CITIC Ka Wah Bank economist and strategist Liao Qun said yesterday in Shanghai that the policy may be relaxed after the Beijing Olympic Games.

Premier Wen Jiabao called for steady and fast development of the economy and warned against wild fluctuations during a three-day research trip in Shanghai and Jiangsu Province last week.

Wen also said the central government's goal to tame inflation was a major task.

"No mention of the 'tight monetary policy' and a call for steady and fast economic development indicates that the central government may consider loosening the tight monetary control to avoid a sharp decrease in the economy," Liao said.

The timing may come after the Olympics when the central government would be more focused on economic issues, Liao said.

Lower inflation in the second half and the cool-off of investment and exports would be the main reasons for a possible loosening of the policy, Liao said.

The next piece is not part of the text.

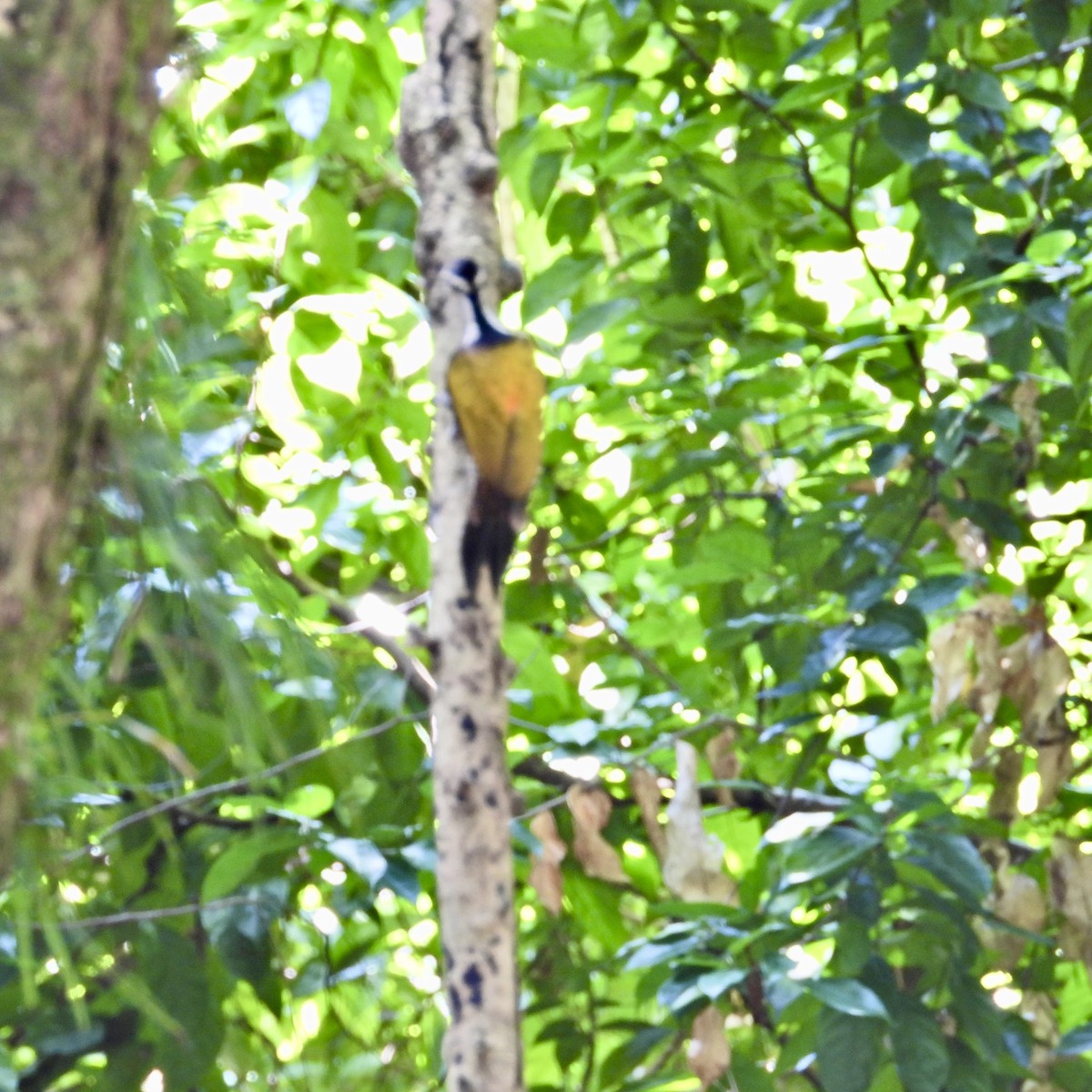 Common Flameback - Alisha Tay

Liao expected the first half of the year's inflation to range between 6.5 percent and 7 percent, with the second half dropping to less than 6 percent. He said China's economy may grow between 9 percent and 10 percent for the whole year.

Lu Zhengwei, an Industrial Bank chief economist, said China's economy may slow in the third quarter.

"Tight monetary policies like the lending quota are unlikely be loosened until the end of this year amid the current economy," Lu said.

Shenyin & Wanguo Securities Co said in a research report yesterday that the key challenges China faced were to fight inflation and avoid a sharp drop in the economy.

"The peak of inflation has passed but risks are still there for a rebound due to increasing oil prices," the report said. Shenyin & Wanguo expected the loosening may come from fiscal policies such as relaxing export controls - but not the tight monetary policy, which would still be used to hose down inflation.

However, even if the tight monetary policy was loosened, it didn't mean there would be a cut in interest rates and banks' reserve requirement rates, Liao said.

"It is more likely that the central government may ease the control of banks' lending quotas," Liao said.

China has raised the reserve requirement ratio to a record 17.5 percent in five stages this year. The central bank also raised interest rates six times last year to fight inflation and cool investment.